男は口を止め。顔に僅かな苦い表情を作る。

「ああ、悪魔に近づいた人物を狙っての事だ。初めの内は悪魔と戦闘した経験がフラッシュバックして戦闘中暴走を起こしたりした。それで世間では無差別殺戮というレッテルが貼られてるが。真実はいつも歪曲して伝わる。君との戦闘もそれだ。サイレントライン――あそこにある技術は決して人に触れさせてはならない。一歩間違えればそれこそ人が滅ぶ。破壊すら出来ないそれを、彼女は永遠に守りつづけてるのだよ。強化人間になりながらも…」

そこでエディフィルは一旦言葉を切る。

「姉さんは…確かにそう言ってた…せめて自然に散らせて欲しいと…なんで今まで忘れてたんだろう」

他人が聞いたら違う意味に取れるその言葉だったが、エディフィルはその意を汲み取ったらしい。表情に微笑が浮かぶ。
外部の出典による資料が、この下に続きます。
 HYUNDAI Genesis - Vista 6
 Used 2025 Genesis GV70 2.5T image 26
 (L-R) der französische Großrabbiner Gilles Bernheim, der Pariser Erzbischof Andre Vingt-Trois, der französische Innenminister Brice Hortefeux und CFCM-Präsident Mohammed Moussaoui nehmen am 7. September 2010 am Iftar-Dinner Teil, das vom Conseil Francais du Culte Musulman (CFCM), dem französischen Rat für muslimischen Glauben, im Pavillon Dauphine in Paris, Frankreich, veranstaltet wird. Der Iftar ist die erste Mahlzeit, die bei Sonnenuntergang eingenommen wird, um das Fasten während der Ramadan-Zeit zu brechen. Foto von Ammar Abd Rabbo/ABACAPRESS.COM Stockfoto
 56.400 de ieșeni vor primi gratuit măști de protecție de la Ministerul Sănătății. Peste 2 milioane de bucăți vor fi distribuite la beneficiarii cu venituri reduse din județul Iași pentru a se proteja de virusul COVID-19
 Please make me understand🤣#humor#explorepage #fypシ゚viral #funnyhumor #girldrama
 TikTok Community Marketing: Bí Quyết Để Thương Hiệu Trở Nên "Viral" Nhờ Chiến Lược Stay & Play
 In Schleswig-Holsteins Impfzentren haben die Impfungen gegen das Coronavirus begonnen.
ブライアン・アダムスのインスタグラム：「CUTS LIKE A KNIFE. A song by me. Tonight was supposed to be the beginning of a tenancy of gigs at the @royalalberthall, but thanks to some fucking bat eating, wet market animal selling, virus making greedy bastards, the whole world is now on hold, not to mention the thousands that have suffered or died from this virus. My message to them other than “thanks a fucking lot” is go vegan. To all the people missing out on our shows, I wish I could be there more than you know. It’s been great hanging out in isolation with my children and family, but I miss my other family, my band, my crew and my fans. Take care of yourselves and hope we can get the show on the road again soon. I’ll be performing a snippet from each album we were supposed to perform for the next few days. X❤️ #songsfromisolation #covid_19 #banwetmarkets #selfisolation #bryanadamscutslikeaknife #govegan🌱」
「…アリアの思いは君にしっかり伝わってるじゃないか」

そうエディフィルが穏やかに言う。何故か頬に熱い涙が伝った。悲しい冷え切った涙ではなかった。姉の思いが自分に残っていたという、生まれて初めての嬉しい涙だった。
目元を擦り顔を上げた時、もうそこには涙は残っていなかった。代わりに自分でも驚くほどの優しい微笑が浮かんでいた。

「俺…ACに乗る目的が出来たよ。もう一度レイヴンになっていいのかもしれない」

エディフィルはフッと黒月に笑いかけ、施設の方へ足を運んだ。